I purchased this book with the intention of finding out about the enigmatic counter-intelligence chief of the CIA nicknamed Mother, who in most accounts is a fictional representation of the real CIA Chief of Counter-Intelligence James Jesus Angleton. Rather than just picking it up out of a dealer's bin. As fiction it makes for a good, and different sort of spy-yarn. It's not so much in the vein of James Bond's familiar exploits with the dapper spy and the hoardes of women, fancy gadgets and souped-up cars. The main character is certainly older, and fixed in his ways, calling to mind a John LeCarre type of anti-spy, or anti-James Bond handsome rich type of spy. "Orchids For Mother" deals mostly with the behind the scenes operations and betrayals and inter-office mechaniations and ambitions than a more kiss kiss bang bang type of story. There is globe-trotting operations, tense war strife moments, and definitely enough sexual escapades to keep a James Bond type enthusiast entertained. But this is more a novel along the lines of the William F. Buckley type, more intelligence than brawns.

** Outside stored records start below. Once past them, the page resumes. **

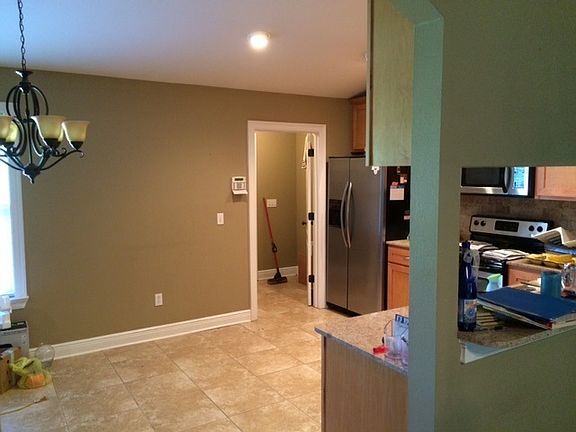 3rd image of 145 Ponderosa Cir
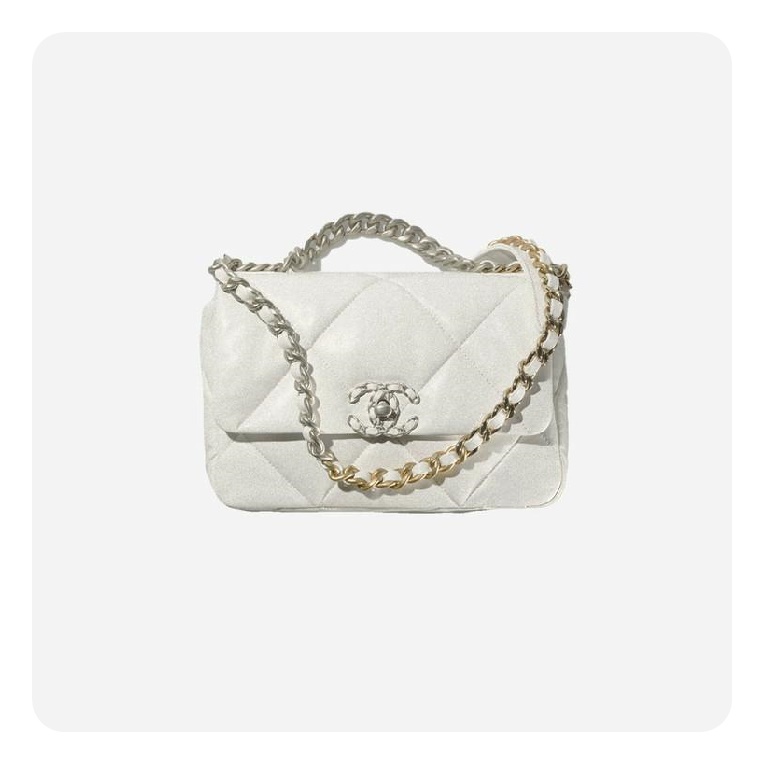 シャネル19フリップバッグラムスキンラージホワイトシルバーe19h2687
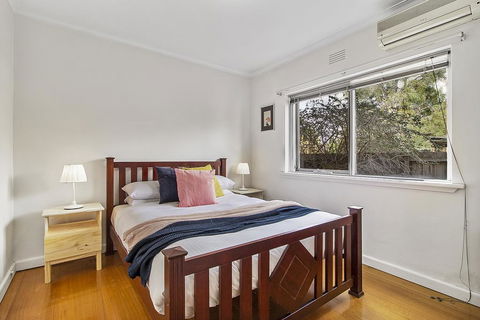 Comfy One-bedroom Unit Between City And Airport - Accommodation Gladstone 2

I found as fiction this tale engrossing although the author's leaning of a seeming peevishness with his main character I felt throughout the book. If possible this Mother felt more like an anti-Angleton type of character, succumbing to the more petty aspects of a paranoid nature and vindictive against those who had ousted him. I didn't see the end coming, and felt emotion for the main character, given his life over to the Company, and death too.
I found it also bemusedly cynical, in the absurdities of the spy life and the personalities who make up these clandestine agencies, along the lines of Robert Littell's "The Company". A rich novel and now TNT mini-series (available on DVD)"The Company" is a wonderful fictonal gathering of the bunch who made up and started the CIA, operated during the Cold War and filled with action-packed excitement along with intelligent suspense. Although in Littell's tale I was left with a more pro-Angleton view than in "Orchids For Mother". If I had to sum up "Orchids For Mother" I would say it is more like Littell's in writing style and theme, though Mother is certainly a whole different character. Between the two characterizations it holds for a most schizophrenic view of a fascinating character in U.S. spy history.
A book worth at least a little more than the 10 cents on the tag of the cover featured here on Amazon...A great beach read for those interested in different spy novels, and a little bit of 1970's nostalgia.